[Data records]
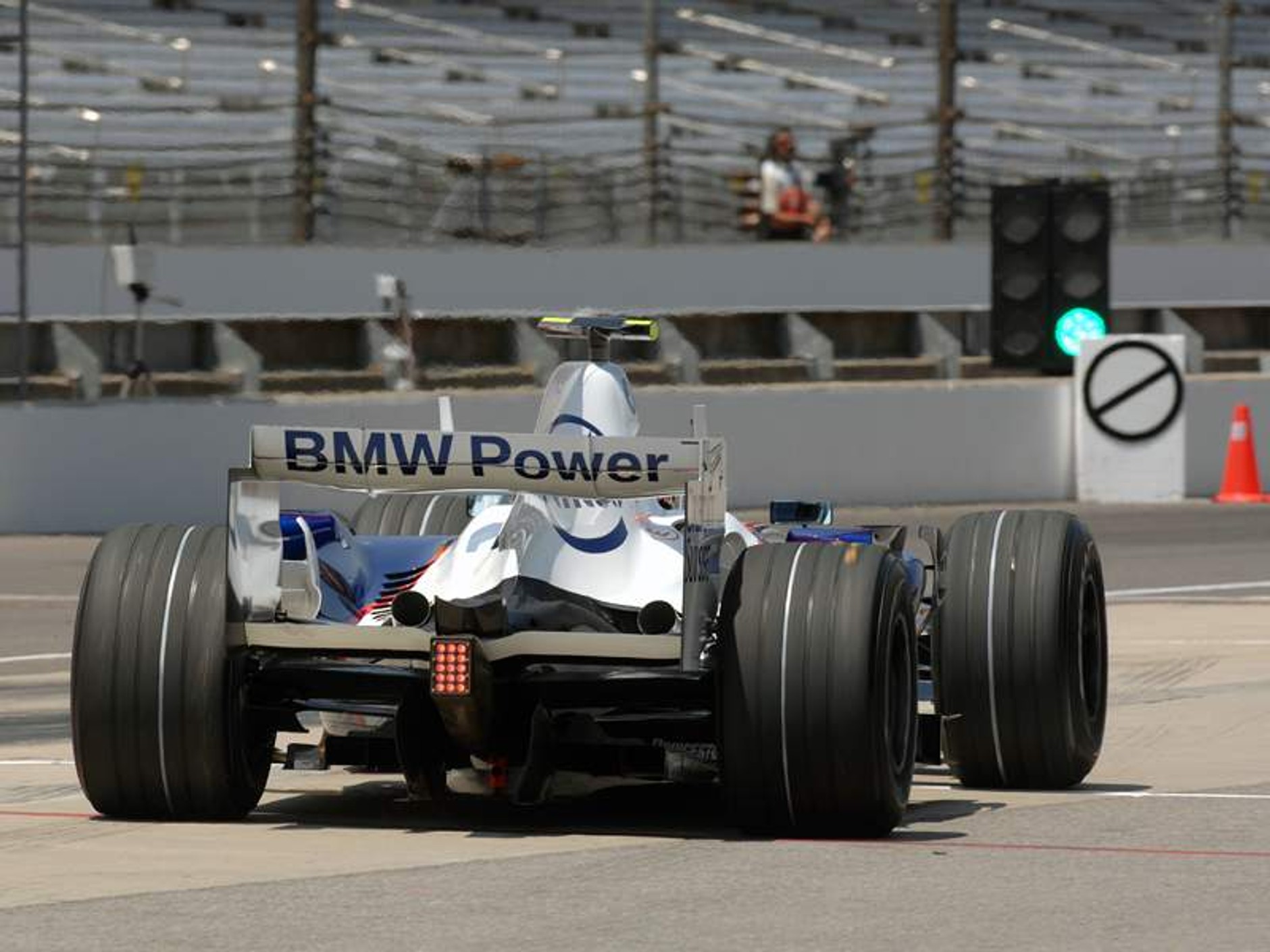 Grand Prix USA 2007: fotogaleria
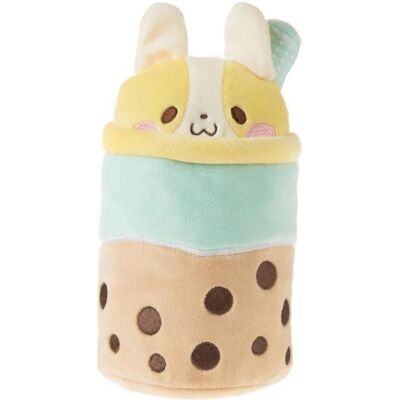EPEE Bubble Tea Bąblusie 21cm Litschi Korgi (21 cm) EPEE Bubble Tea Bąblusie 21cm Litschi Korgi (21 cm)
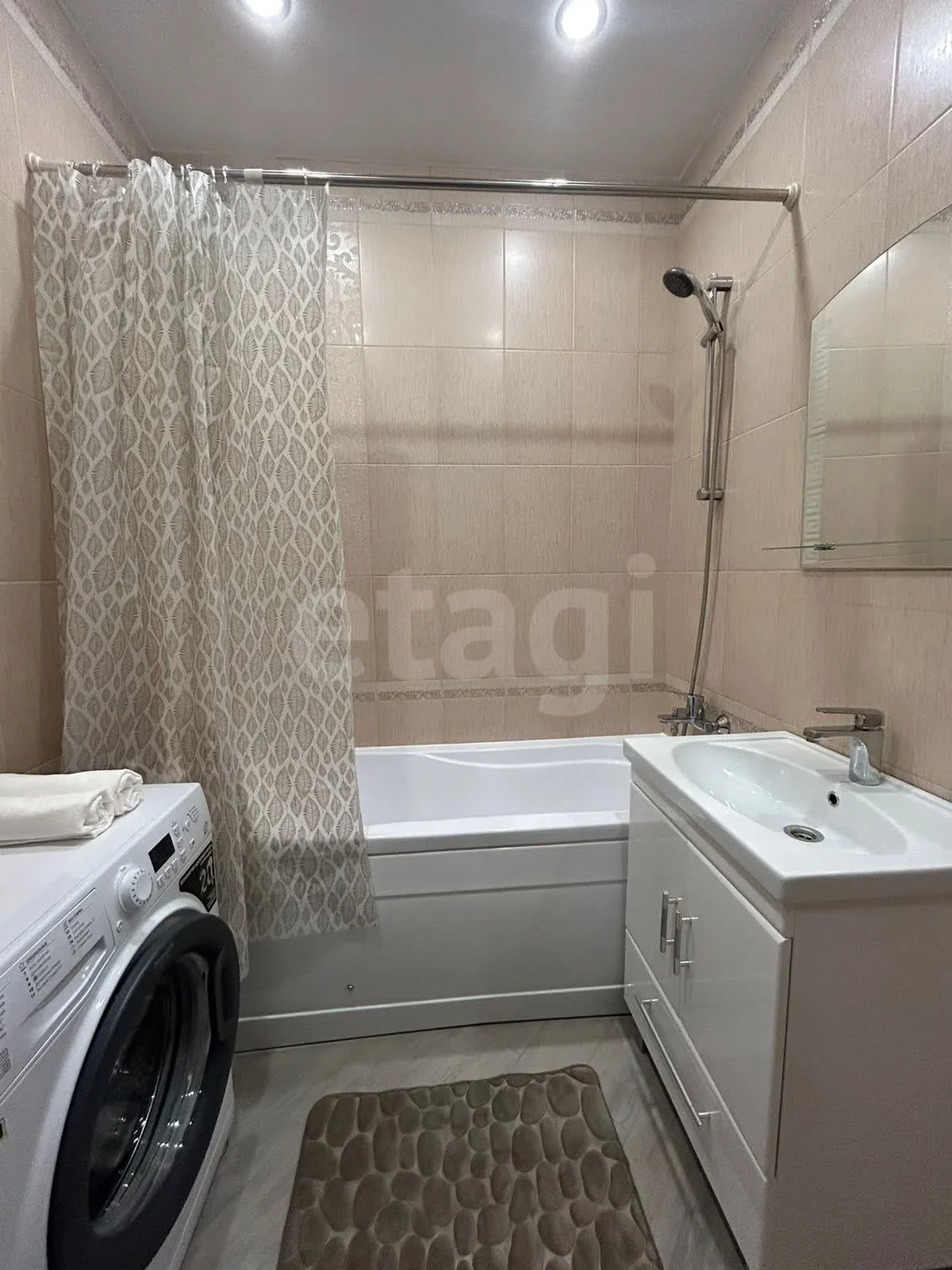 2-к квартира, 64м² (улица им. Героя Сарабеева В.И., 5к1) - миниатюра 11
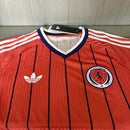 Camiseta hombre selección Escocia segunda equipación Mundial 2026 versión jugador calidad 1.1 premium pro fit.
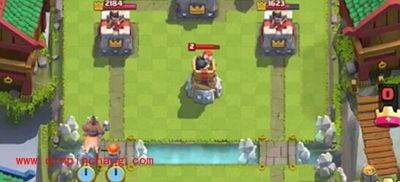 皇室战争游戏中的九个实用技巧 总有个适合你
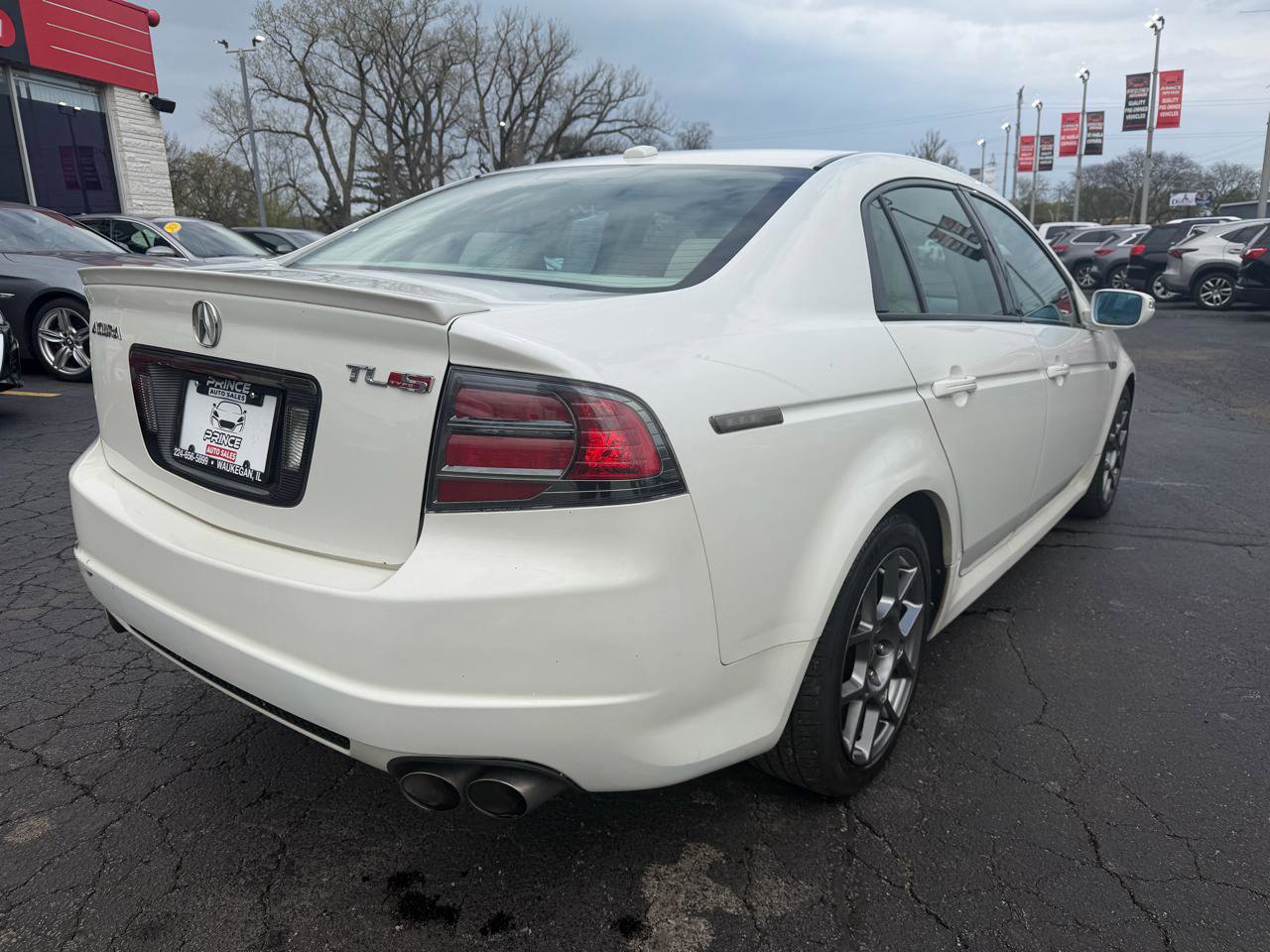 Used 2007 Acura TL Type-S FWD image 7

WHAT YOU SHOULD DO.
Please reproduce each entry above word for word and keep the pictures out of the copy.

YOUR RESPONSE.
 Grand Prix USA 2007: fotogaleria
EPEE Bubble Tea Bąblusie 21cm Litschi Korgi (21 cm) EPEE Bubble Tea Bąblusie 21cm Litschi Korgi (21 cm)
 2-к квартира, 64м² (улица им. Героя Сарабеева В.И., 5к1) - миниатюра 11
 Camiseta hombre selección Escocia segunda equipación Mundial 2026 versión jugador calidad 1.1 premium pro fit.
 皇室战争游戏中的九个实用技巧 总有个适合你
 Used 2007 Acura TL Type-S FWD image 7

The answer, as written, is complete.